In over 210 innings’ worth of work with the Cubs, Strop pitched to a 2.68 earned run average and similar 2.82 FIP mark. Control has been an issue at times, but he’s missed his fair share of bats, as well – averaging 10 strikeouts per nine innings pitched.
Last season was a mixed bag for the hard-throwing righty. While his numbers were solid, health issues sidelined Strop late in the year. He returned to put in a strong postseason performance, to the tune of three scoreless WS outings.
Underrated by many – Strop has been key
2017 may well be his last year in Chicago as this is the last year of his contract with the Cubs. Teams will have a high interest in Strop given his work over the past half decade. His devastating slider and high-90s fastball can be unhittable to opponents. That being said, they can also be uncontrollable for Strop himself – as we’ve seen over the years.
Strop’s arrival in Chicago came in one of the most lopsided trades in Chicago Cubs history.

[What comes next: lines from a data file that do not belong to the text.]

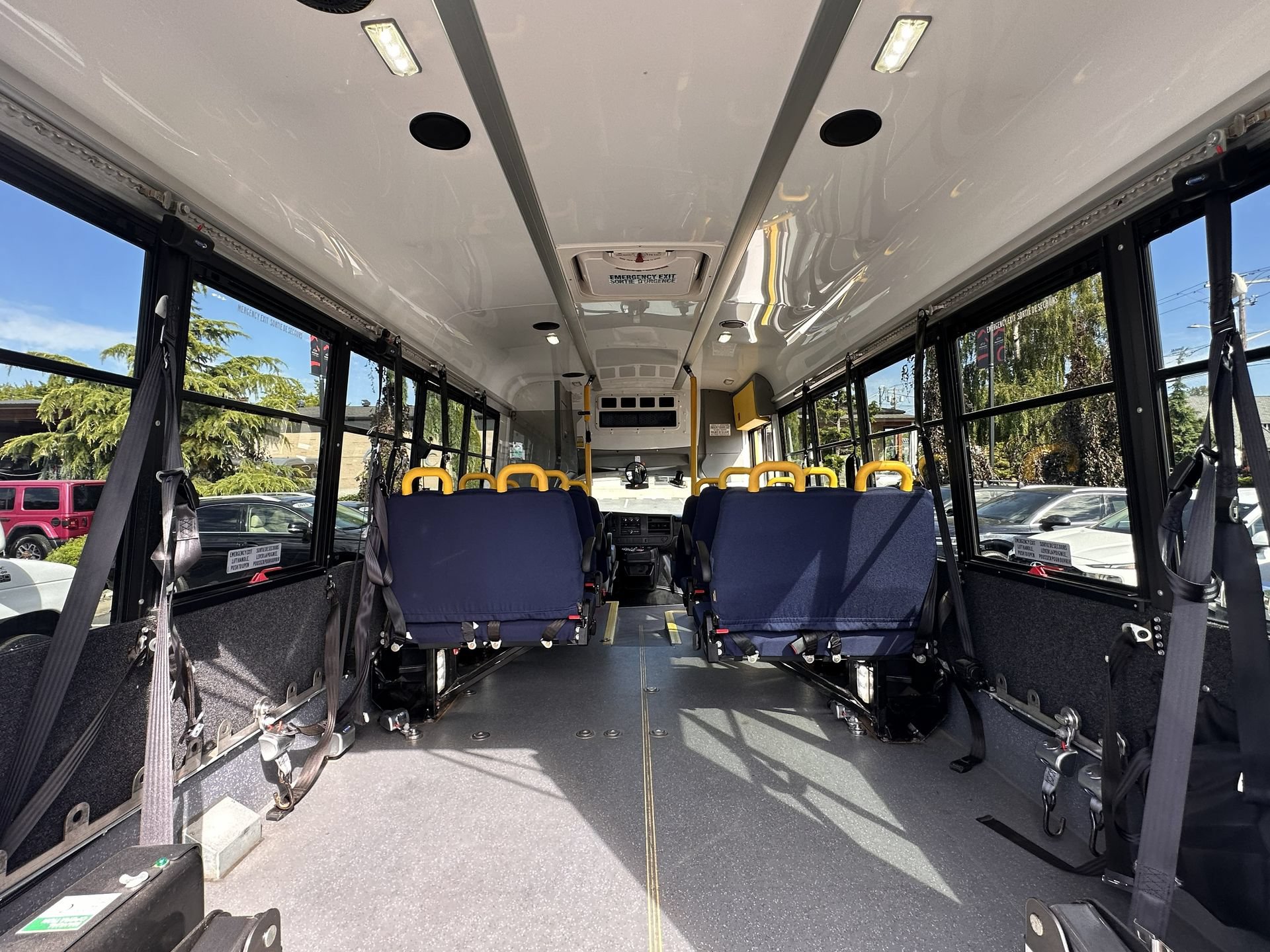 Used 2015 Chevrolet Express 4500 RWD image 24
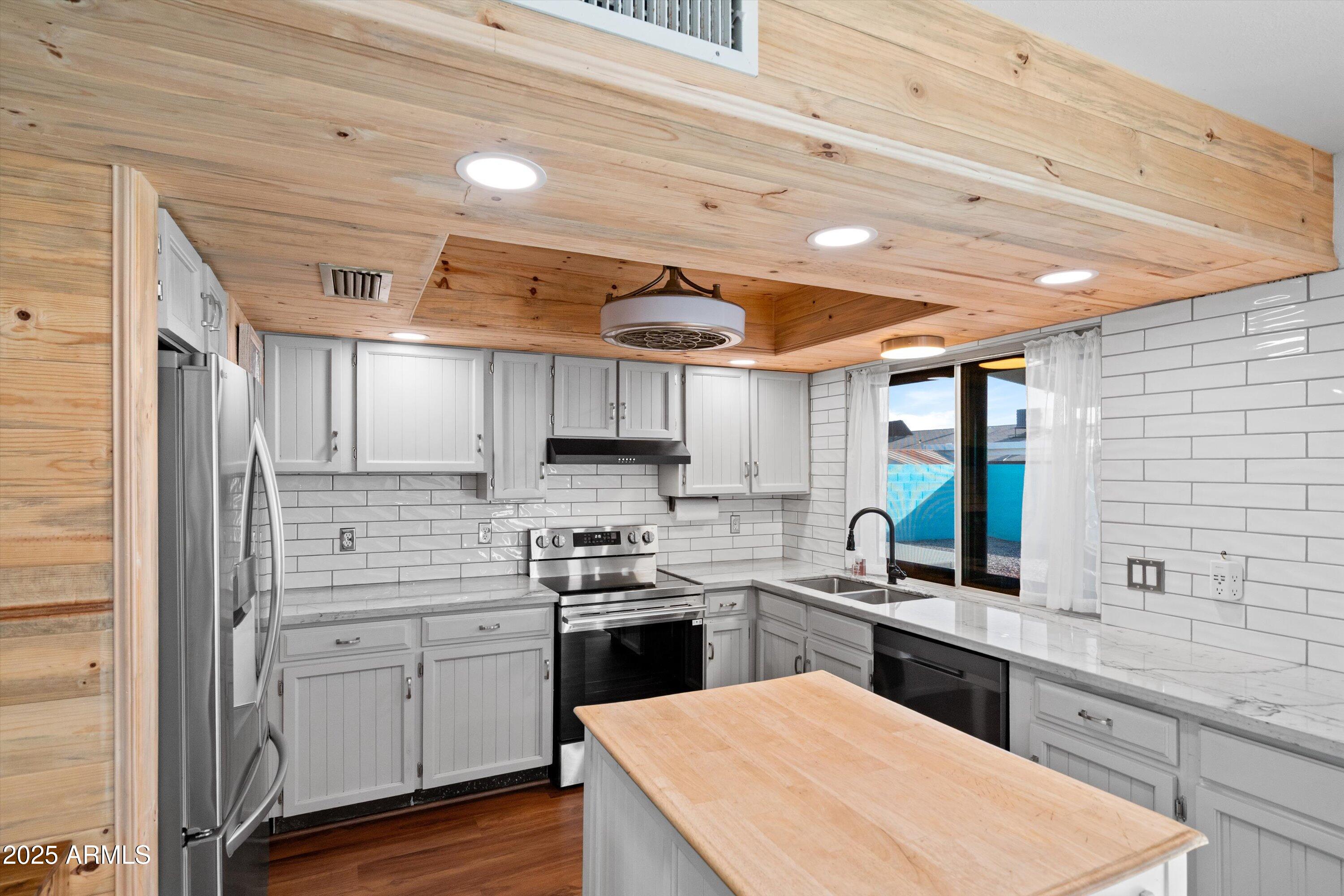 10443 W BUTLER Drive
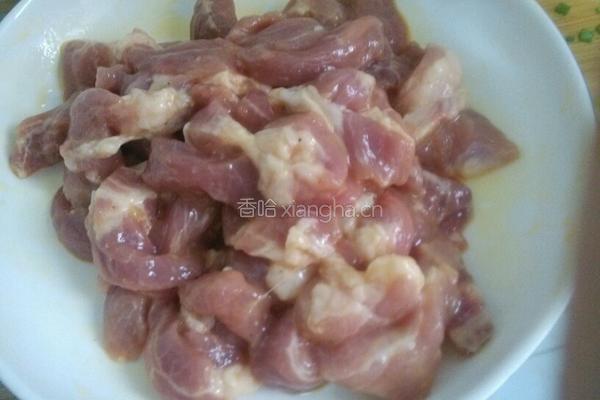 糖醋里脊的做法图解2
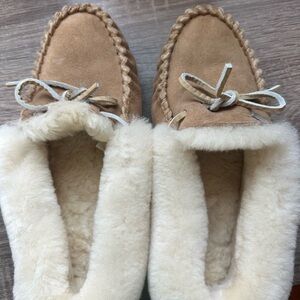L.L. Bean Tan Shearling Women's Moccasins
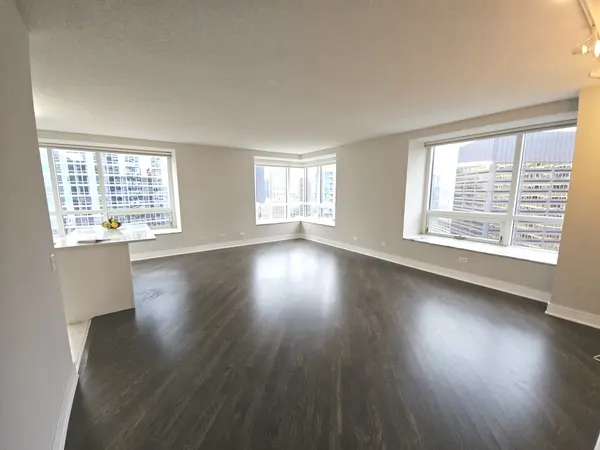 512 N McClurg CT #3010, Chicago, IL 60611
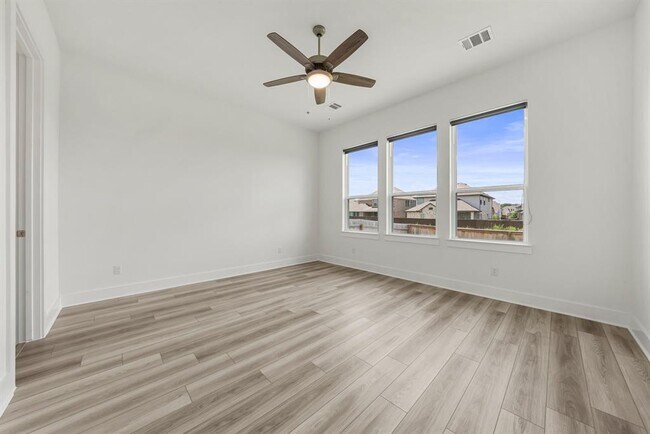 Building Photo - 1633 Martin Wls St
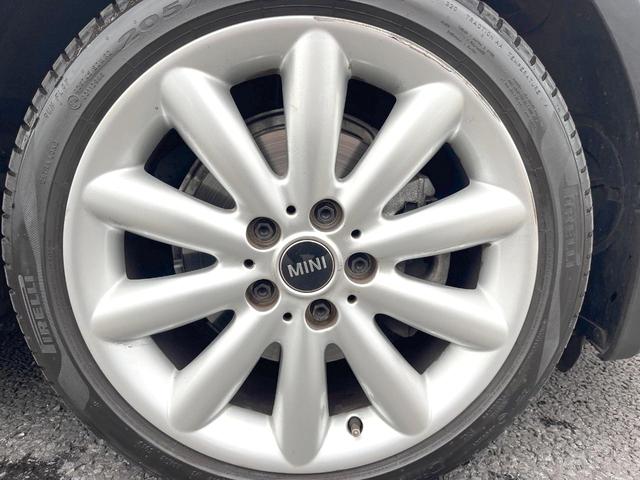 ＭＩＮＩ クーパーＤ　５ドア　１オーナー　カメラ／パーキングアシストＰＫＧ　ペッパーＰＫＧ　ＯＰ１７インチアルミ　ＬＥＤヘッドライト／ユニオンジャックリアコンビネーションランプ　純正ナビ　リアビューカメラ　ＥＴＣ　禁煙車（54枚目）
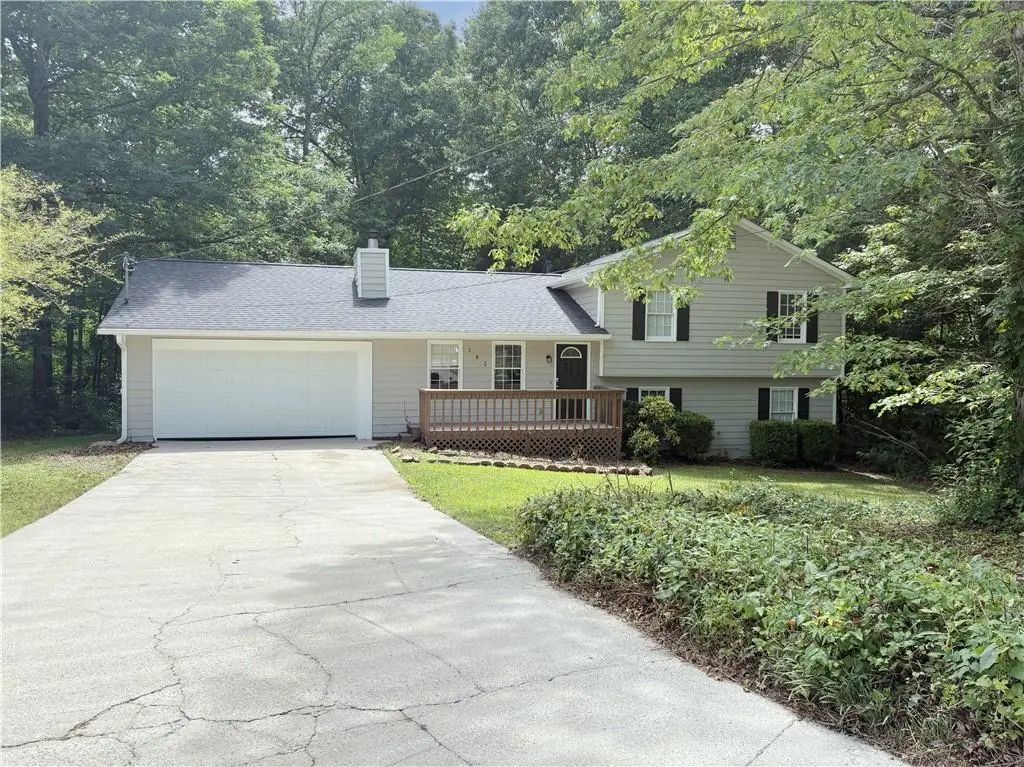 385 Nectarine Drive, Newnan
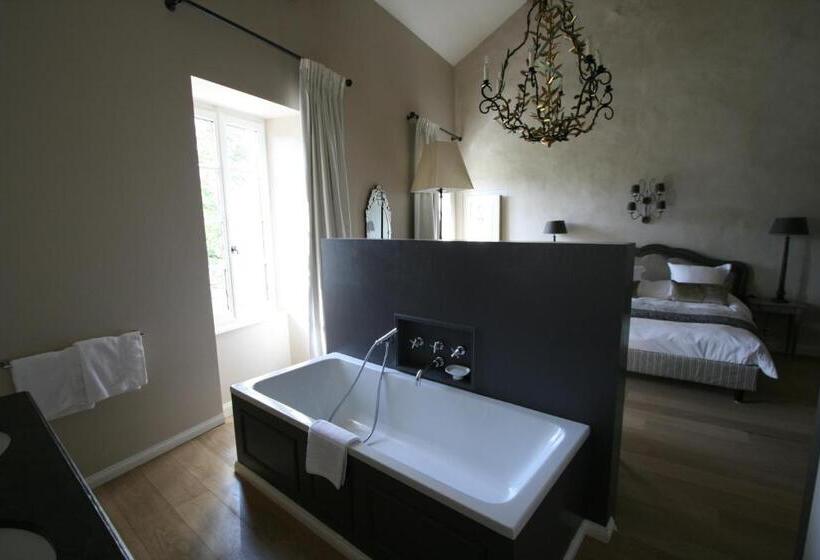 جناح جونيور, Château Les Oliviers De Salettes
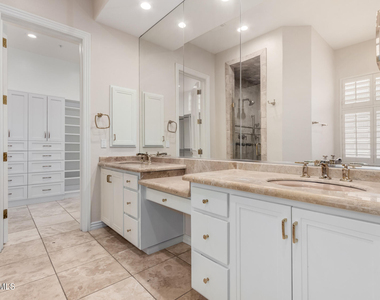 8317 E Feathersong Lane - Photo Thumbnail 10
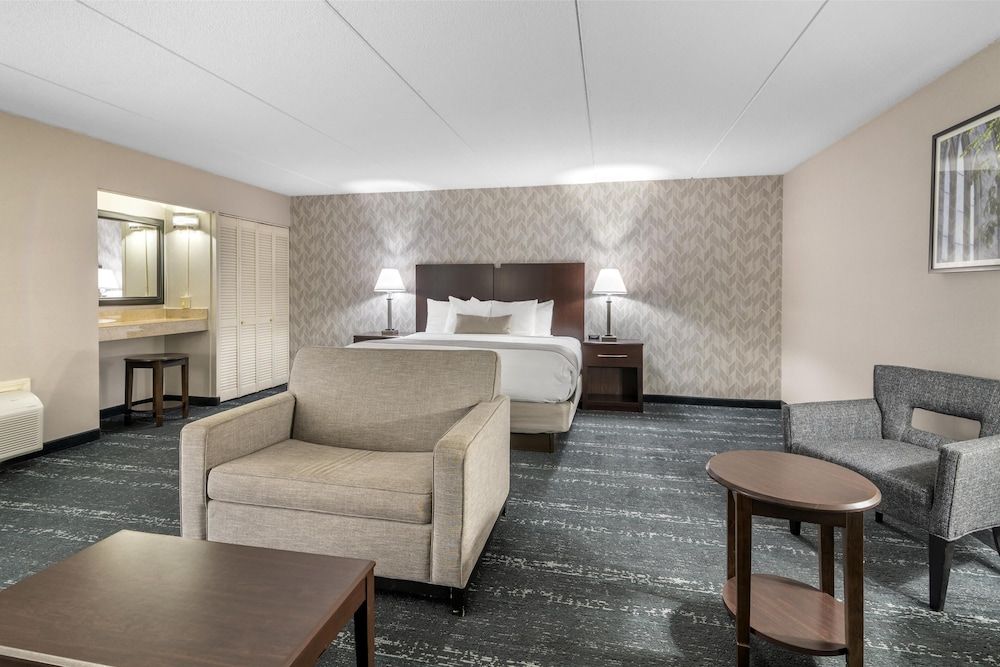 Best Western Plus Keene Hotel Standard Room, 1 King Bed, Non Smoking, Refrigerator & Microwave (with Sofabed) 2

They sent Scott Feldman and Steve Clevenger to the Baltimore Orioles in exchange for Strop and 2015 NL Cy Young Award winner Jake Arrieta.
While Arrieta garners more headlines, Strop has been an integral part of the team’s bullpen. Over the last three years, the right-hander has struck out 212, walking only 69. He, along with Hector Rondon, form one of the most underrated relief duos in the game today by many measures.
Coming off a World Series title, the Chicago Cubs are seeking to repeat for the first time since 1907-1908. The offense has its core group intact for years to come. For the team to make another deep run, however, pitching will be the key.
Arrieta and Strop are both entering contract years. It’s in their own best interest to be more dominant than ever on the mound this season. If they both do that, then big paydays could be headed their way next offseason.